◆ **What is being asked**
The response should be an exact copy of the records, with the pictures removed.

◆ **Materials provided**
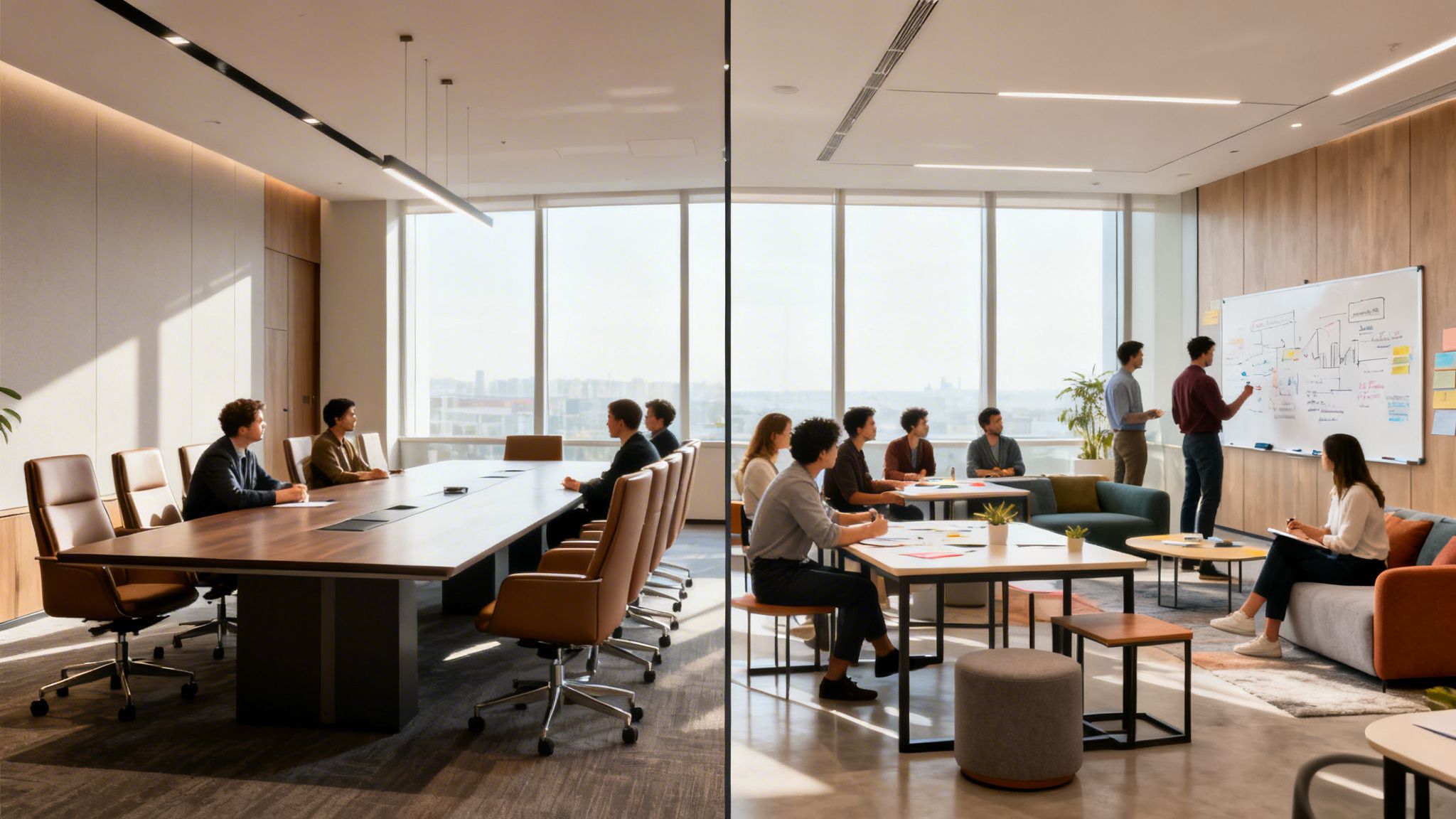 Two distinct modern office meeting room layouts: a formal conference setup and a collaborative open space.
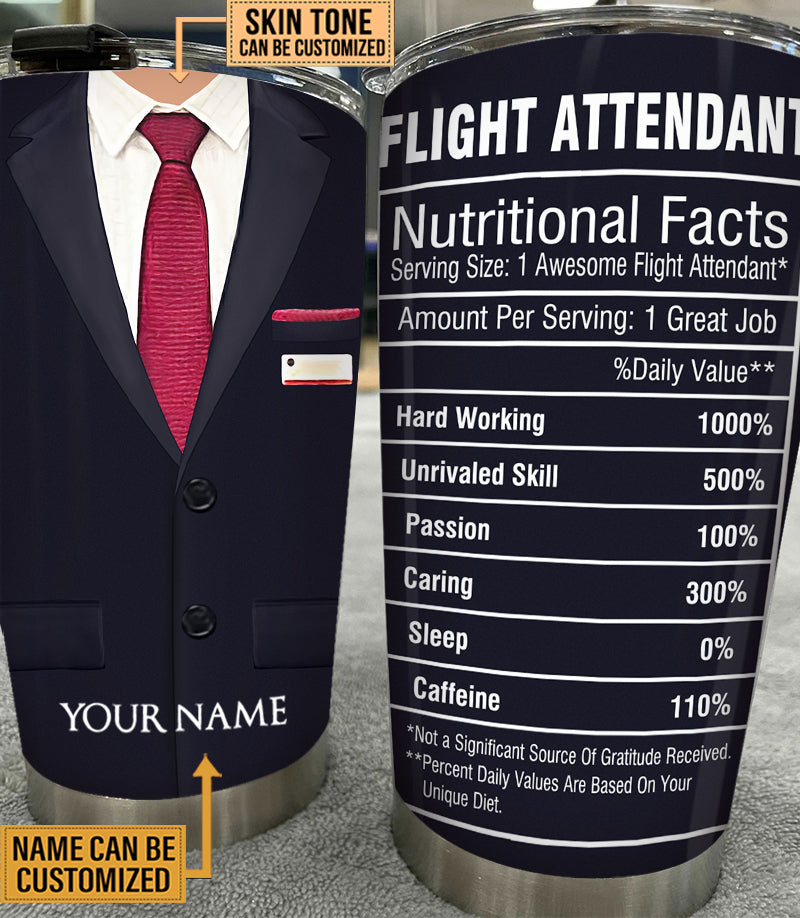 Personalized Flight Attendant Nutritional Facts Tumbler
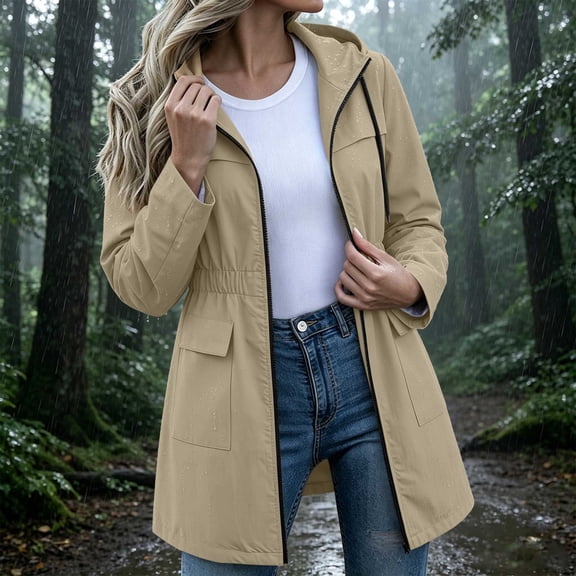 BRGZLK Rain Coats for Women Trendy Zip Up Solid Color Long Sleeve Hooded Lightweight Long Waterproof Jackets Elastic Waist Casual Outdoor Hiking Raincoats Beige XL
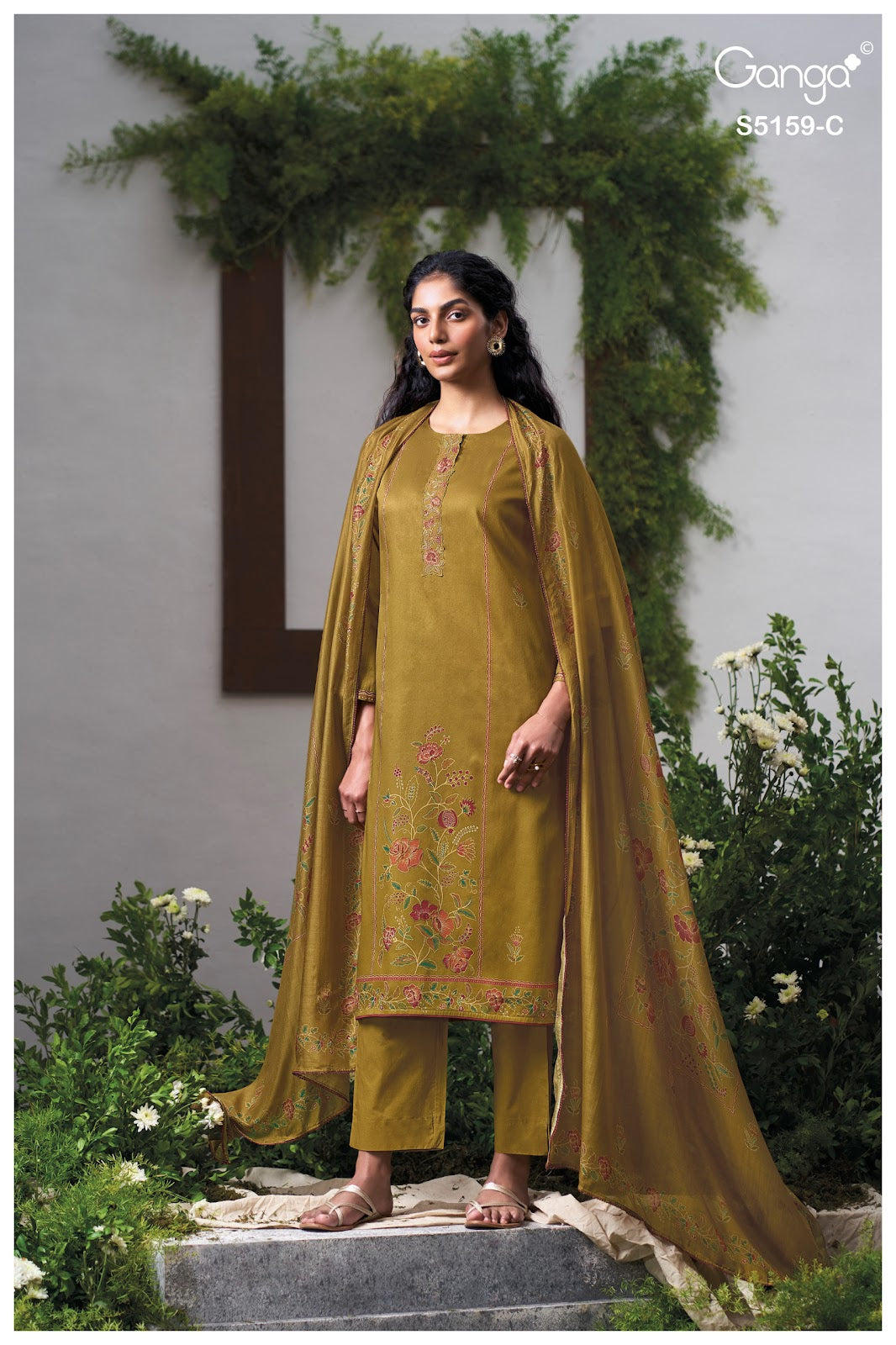 Sukriti S5159 Ganga Cotton Satin Pant Style Suits Supplier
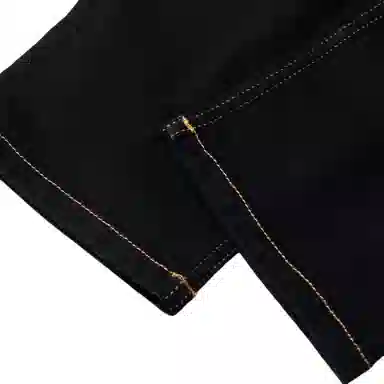 范思哲 五口袋字母刺绣长款牛仔裤 男款 黑色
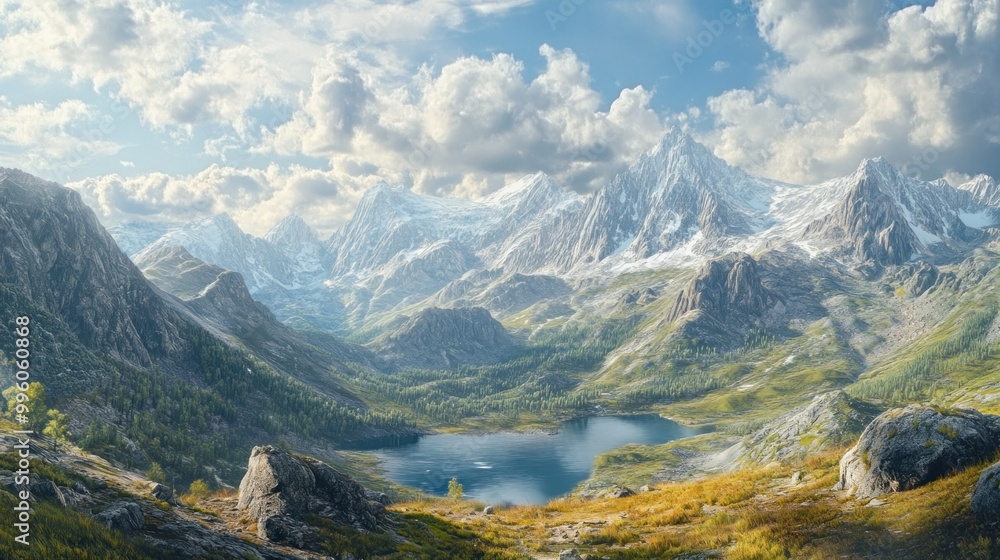 Wall mural Picturesque Mountain Landscape with a Tranquil Lake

◆ **Expected answer**
 Two distinct modern office meeting room layouts: a formal conference setup and a collaborative open space.
 Personalized Flight Attendant Nutritional Facts Tumbler
 BRGZLK Rain Coats for Women Trendy Zip Up Solid Color Long Sleeve Hooded Lightweight Long Waterproof Jackets Elastic Waist Casual Outdoor Hiking Raincoats Beige XL
 Sukriti S5159 Ganga Cotton Satin Pant Style Suits Supplier
 范思哲 五口袋字母刺绣长款牛仔裤 男款 黑色
 Wall mural Picturesque Mountain Landscape with a Tranquil Lake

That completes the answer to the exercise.